- Author: Dylan Zelkin
- Employer: University of Colorado, Denver
- Supervisor: Mazen Al Borno
- Lab: http://cse.ucdenver.edu/~alborno/
This is an imitation learning project which uses reinforcmenent learning to train deep neural networks to control biomechanical and torque driven models by minimizing the difference between a desired kinematic motion and the actual motion enacted by a network. In this implementation of imitation learning, the network takes, as input, the joint angles and velocities, and outputs the muscle activations or torque activations respectively; there is no kinematic information given to the network, and each network learns a single unique motion.
The DRL used here is StableBaselines, and when training is completed, agents are saved in the ./agents/ folder and contain the following: training logs, the config file used when the model was created, and a zip managed by StableBaselines. Currently the only supported model architecture is a shared LSTM backbone, split off into dense layered reward and action heads.
This project was created and tested on linux (specifically ubuntu), and while it might work on other systems, is not guarenteed.
Torque Driven Solution |
Muscle Driven Solution |
-
Download Miniconda
wget https://repo.anaconda.com/miniconda/Miniconda3-latest-Linux-x86_64.sh -
Run the Installer
bash Miniconda3-latest-Linux-x86_64.sh
-
Install Git (if not done so already)
sudo apt update && sudo apt install -y git -
Clone Repo from Github and Open
git clone git clone https://github.com/Al-Borno-Lab/MouseArmImitationLearning.git cd MouseArmImitationLearning -
Create Python Environment and Activate
conda env create -f environment.yml conda activate MouseArmImitationLearningEnv -
(Optional) Install Tensorboard for Numerical Results Visualization
pip install tensorboard
-
Download Huggingface Hub (if not done so already)

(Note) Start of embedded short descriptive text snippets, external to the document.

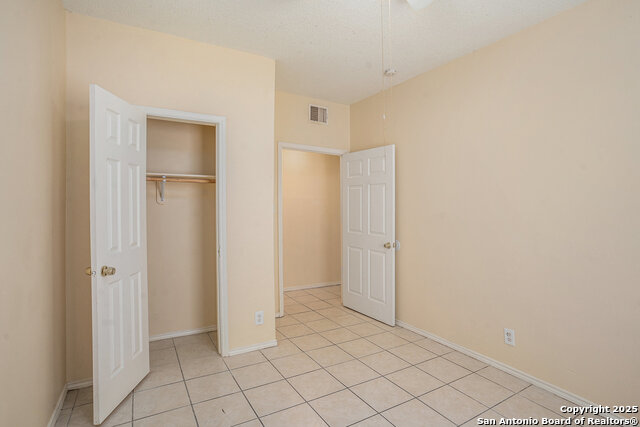 Image 10 of 13 For 7601 Windsor Oaks
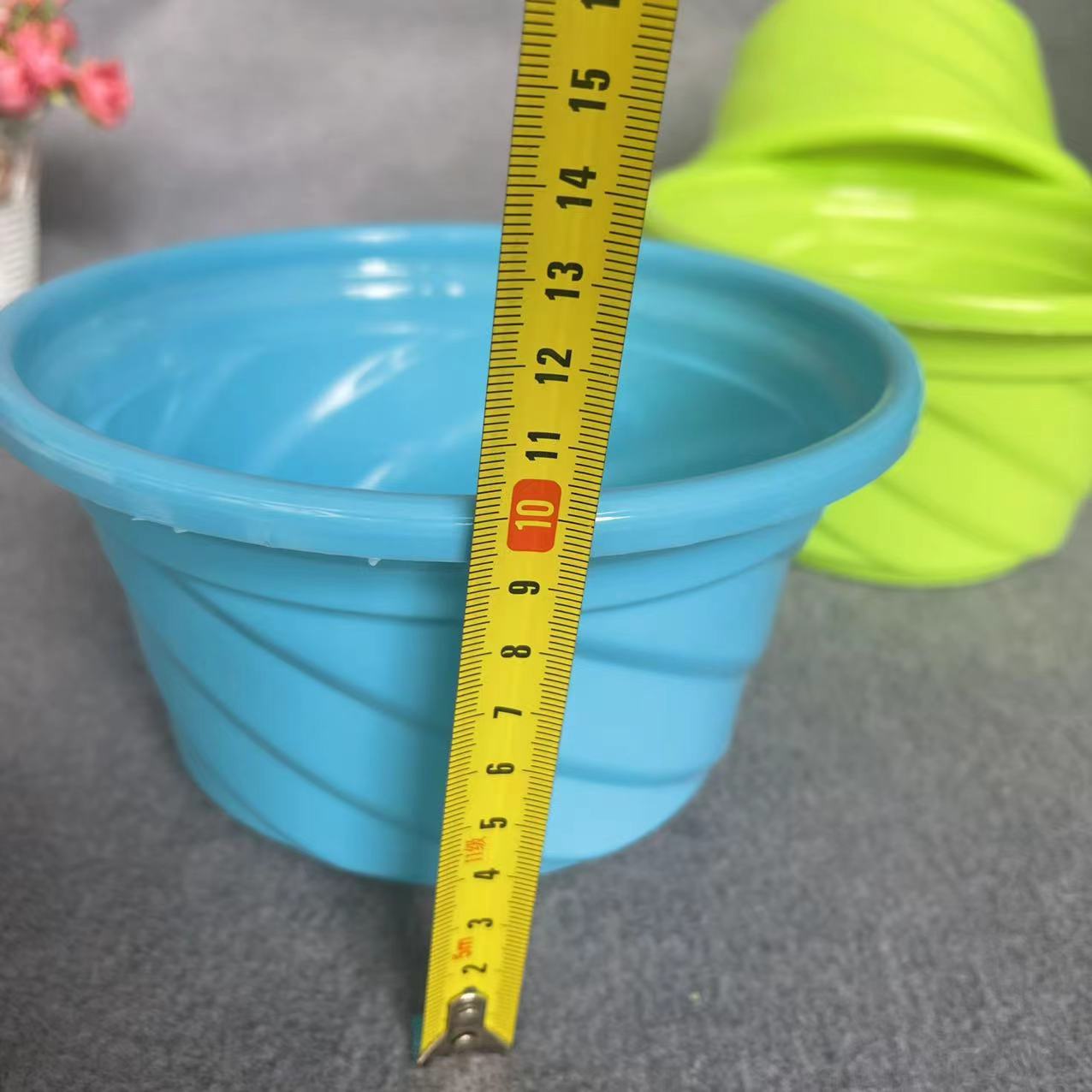 Wholesale corrugated flowerpots for Pothos, green plants and flowers, new corrugated flowerpots for pot cultivation, plastic thickened wholesale pic 1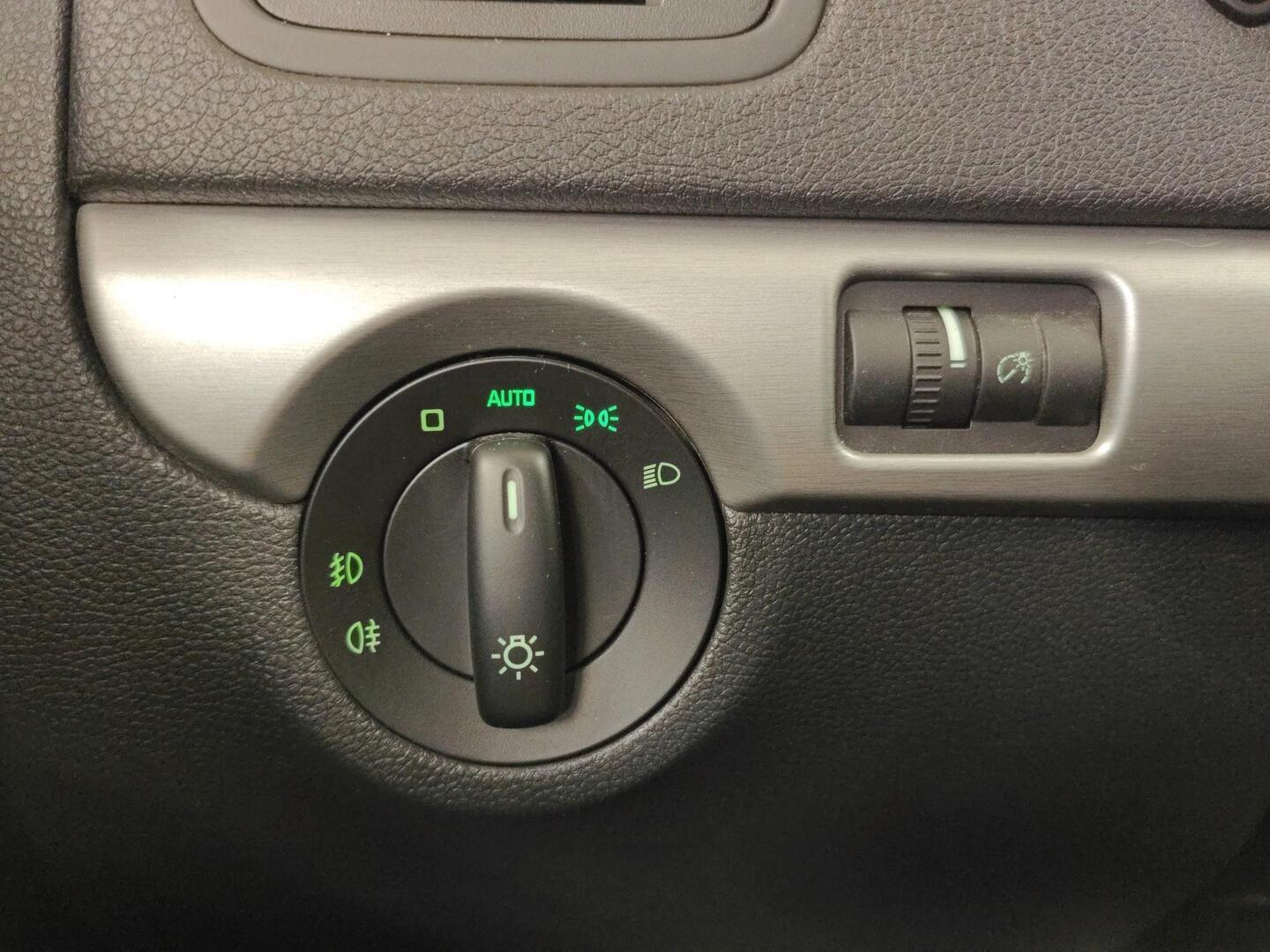SKODA Yeti 2013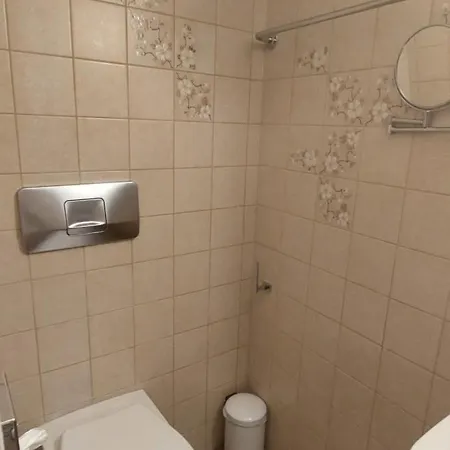 Hotel De Restaurant Chez Aron Balde Bellelay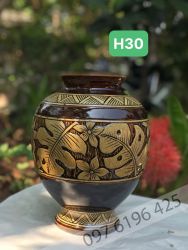 Lọ hoa khắc vân nổi dáng vò tròn màu đen gốm sứ Bát Tràng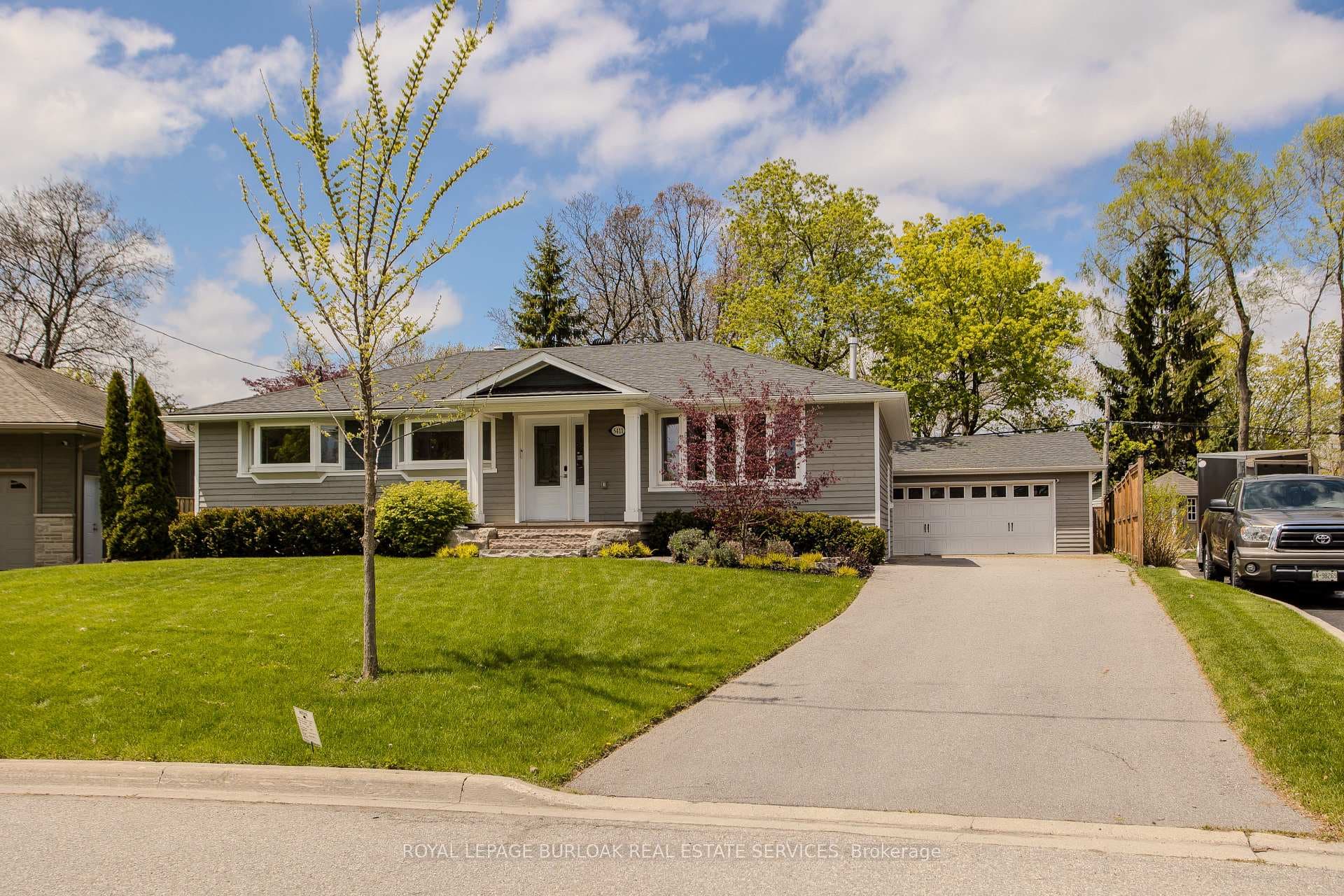 5411 Cornwall Crescent - Detached photo 1 of 34 in Burlington, Ontario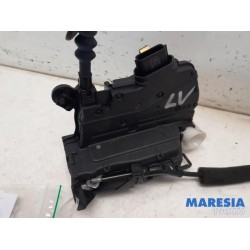 Renault - Clio - Door lock mechanism 4-door, front left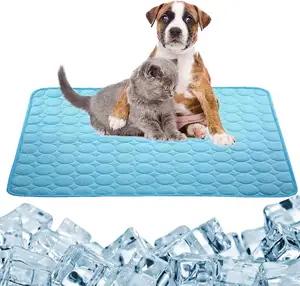 Factory Supply Self Cooling Mat Washable Summer Cat Dog Bed Pad Pet Cooling Mat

pip install -U huggingface_hub -
Download Mujoco Model and Kinematic Data
hf download AlBornoLab/MouseArmModel --repo-type dataset --local-dir ./models hf download AlBornoLab/MouseArmKinematics --repo-type dataset --local-dir ./data -
(OPTIONAL) Download Pre-Trained Torque and Muscle Models
hf download AlBornoLab/MouseArmSampleMuscleAgent --repo-type model --local-dir ./agents/muscle_model hf download AlBornoLab/MouseArmSampleTorqueAgent --repo-type model --local-dir ./agents/torque_model
This section details which parameters can be tuned from the imitation learning environment, policy, algorithm, and training and testing scripts.
-
General
- name: Name of the model (if there is no folder under ./agents/... with that name, then the train script will create one instead of continuing training; the test script will fail; if an existing model is used, all config data is pulled from it's relevant config file instead)
-
Environment
- model: Mujoco model file to use
- kinematics: Kinematic data file to use
- w_bone_diff: A weight on the average difference between tracked bone locations in the reward function
- w_elbow: A weight on the elbow in the bone average difference
- w_paw: A weight on the paw in the bone average difference
- w_effort: A weight on the effort used by all actuaturos in the reward function
- w_jitter: A weight on the difference between qvel on the joints in the reward function
- w_action: A weight on the difference between action outputs in the reward function
- control_dt: Total simulation time step size per environment step
- n_substeps: Simulation substeps per environment step (increasing improves simulation stability)
-
Policy
- lstm_hidden_size: Number of parameters in the lstm
- n_lstm_layers: Number of lstm layers
- net_arch_pi: A list of layers for the action head
- net_arch_vf: A list of layers for the reward head
-
Algorithm (There are more advanced terms in the config that are unlisted here, see the stablebaselines RecurrentPPO API for more info)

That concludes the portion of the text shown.